St Stephen's College () is a Christian Direct Subsidy Scheme co-educational secondary school in Stanley, Hong Kong. With an area of about 150,000 m2 (15 hectares), the college is the largest secondary school in Hong Kong, and is one of the very few boarding schools in the territory. Many buildings in the campus are listed in the list of historic Buildings and Declared Monuments by the Antiquities Advisory Board. When the college was founded in 1903, there were only six boarders and one day student; in the academic year 2014–2015, there were approximately 910 students studying in the college. The current principal is Ms.

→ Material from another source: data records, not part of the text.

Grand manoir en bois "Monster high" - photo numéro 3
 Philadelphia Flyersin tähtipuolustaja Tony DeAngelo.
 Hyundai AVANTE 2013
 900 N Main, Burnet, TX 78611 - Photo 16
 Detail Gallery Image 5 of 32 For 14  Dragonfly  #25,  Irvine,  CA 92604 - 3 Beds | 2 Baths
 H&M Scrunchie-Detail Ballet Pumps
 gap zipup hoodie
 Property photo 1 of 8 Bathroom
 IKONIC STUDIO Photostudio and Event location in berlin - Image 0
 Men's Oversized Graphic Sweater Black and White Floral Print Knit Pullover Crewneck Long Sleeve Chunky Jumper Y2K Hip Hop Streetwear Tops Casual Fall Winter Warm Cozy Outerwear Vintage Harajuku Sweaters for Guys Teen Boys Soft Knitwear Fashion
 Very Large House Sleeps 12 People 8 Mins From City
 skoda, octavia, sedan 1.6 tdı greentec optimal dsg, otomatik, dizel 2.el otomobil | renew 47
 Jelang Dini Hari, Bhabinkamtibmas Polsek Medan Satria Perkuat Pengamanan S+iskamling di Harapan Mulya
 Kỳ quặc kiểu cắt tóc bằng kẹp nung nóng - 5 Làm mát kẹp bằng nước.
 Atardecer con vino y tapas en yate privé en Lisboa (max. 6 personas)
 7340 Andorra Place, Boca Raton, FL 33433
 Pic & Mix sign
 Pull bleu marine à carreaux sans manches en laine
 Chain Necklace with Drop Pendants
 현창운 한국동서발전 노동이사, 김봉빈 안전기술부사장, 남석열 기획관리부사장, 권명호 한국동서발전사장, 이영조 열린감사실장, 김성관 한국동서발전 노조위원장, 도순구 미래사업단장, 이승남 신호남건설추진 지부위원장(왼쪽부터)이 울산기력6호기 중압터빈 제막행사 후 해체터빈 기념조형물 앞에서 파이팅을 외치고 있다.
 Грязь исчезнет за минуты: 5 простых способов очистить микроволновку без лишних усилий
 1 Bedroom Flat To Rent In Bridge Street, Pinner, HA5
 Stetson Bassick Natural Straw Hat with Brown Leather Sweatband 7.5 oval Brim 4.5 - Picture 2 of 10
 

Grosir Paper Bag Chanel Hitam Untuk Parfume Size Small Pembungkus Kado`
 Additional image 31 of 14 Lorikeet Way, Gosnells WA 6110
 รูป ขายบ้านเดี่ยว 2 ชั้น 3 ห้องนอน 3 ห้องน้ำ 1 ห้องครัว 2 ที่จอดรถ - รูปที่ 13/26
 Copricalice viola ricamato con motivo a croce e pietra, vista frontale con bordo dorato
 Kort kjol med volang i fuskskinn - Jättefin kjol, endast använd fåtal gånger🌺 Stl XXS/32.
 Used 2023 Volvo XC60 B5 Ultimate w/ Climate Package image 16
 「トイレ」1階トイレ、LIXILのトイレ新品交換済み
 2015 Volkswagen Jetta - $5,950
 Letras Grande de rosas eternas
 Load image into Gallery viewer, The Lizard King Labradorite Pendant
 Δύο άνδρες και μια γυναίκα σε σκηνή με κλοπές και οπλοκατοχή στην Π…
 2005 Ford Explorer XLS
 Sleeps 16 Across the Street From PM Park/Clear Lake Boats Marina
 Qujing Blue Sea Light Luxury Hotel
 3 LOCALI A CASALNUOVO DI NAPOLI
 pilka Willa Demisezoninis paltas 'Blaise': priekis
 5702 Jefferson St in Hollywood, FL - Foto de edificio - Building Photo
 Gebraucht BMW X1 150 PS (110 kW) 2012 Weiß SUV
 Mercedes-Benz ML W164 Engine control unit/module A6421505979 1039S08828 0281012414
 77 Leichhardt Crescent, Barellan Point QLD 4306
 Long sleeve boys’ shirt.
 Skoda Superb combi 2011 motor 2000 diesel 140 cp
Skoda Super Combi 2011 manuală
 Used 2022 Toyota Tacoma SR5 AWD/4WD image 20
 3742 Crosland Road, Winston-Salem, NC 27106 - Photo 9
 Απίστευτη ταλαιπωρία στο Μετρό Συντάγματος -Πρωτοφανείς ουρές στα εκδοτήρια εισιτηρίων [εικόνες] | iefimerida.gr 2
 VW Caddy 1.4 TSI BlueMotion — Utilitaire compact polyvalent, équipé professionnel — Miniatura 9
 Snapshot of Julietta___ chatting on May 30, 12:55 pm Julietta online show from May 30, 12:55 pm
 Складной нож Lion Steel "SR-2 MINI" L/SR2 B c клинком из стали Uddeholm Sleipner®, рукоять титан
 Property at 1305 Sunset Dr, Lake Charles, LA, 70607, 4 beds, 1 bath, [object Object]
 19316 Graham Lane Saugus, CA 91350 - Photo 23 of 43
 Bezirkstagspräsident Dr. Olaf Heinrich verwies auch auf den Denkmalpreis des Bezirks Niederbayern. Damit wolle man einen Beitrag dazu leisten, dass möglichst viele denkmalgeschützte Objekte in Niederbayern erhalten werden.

Carol C. Yang, commencing duty since 2011. St Stephen's College mainly uses English as a medium of instruction, and Chinese language for Chinese, Chinese history, Putonghua, visual arts and physical education. St Stephen's College is the first school in the territory having its own Heritage Trail in the school campus. The college's oldest building, the School House, was declared a monument in 2011, being one of the few schools in Hong Kong to own a Declared Monument in its campus.

History
The establishment of the college dates back to 1901. A group of prominent Chinese businessmen approached the Church Missionary Society to administer a school for their sons. The inspiration came from Dr. Pibi Nay Nay Yan. The aim was to maintain the standard of teaching and level of equipment which is comparable to the best Public Schools in England. In 1903, St Stephen's College was officially established on Bonham Road in Western District. In the 1920s, the government granted the school 40 acres (150,000 m2) on the Stanley Peninsula in recognition of outstanding contributions to education. The foundation stone was laid in April 1928 by the Governor of Hong Kong, Sir Cecil Clementi, and in May 1929, the college was fully functional in its new buildings, many of which are still in use today.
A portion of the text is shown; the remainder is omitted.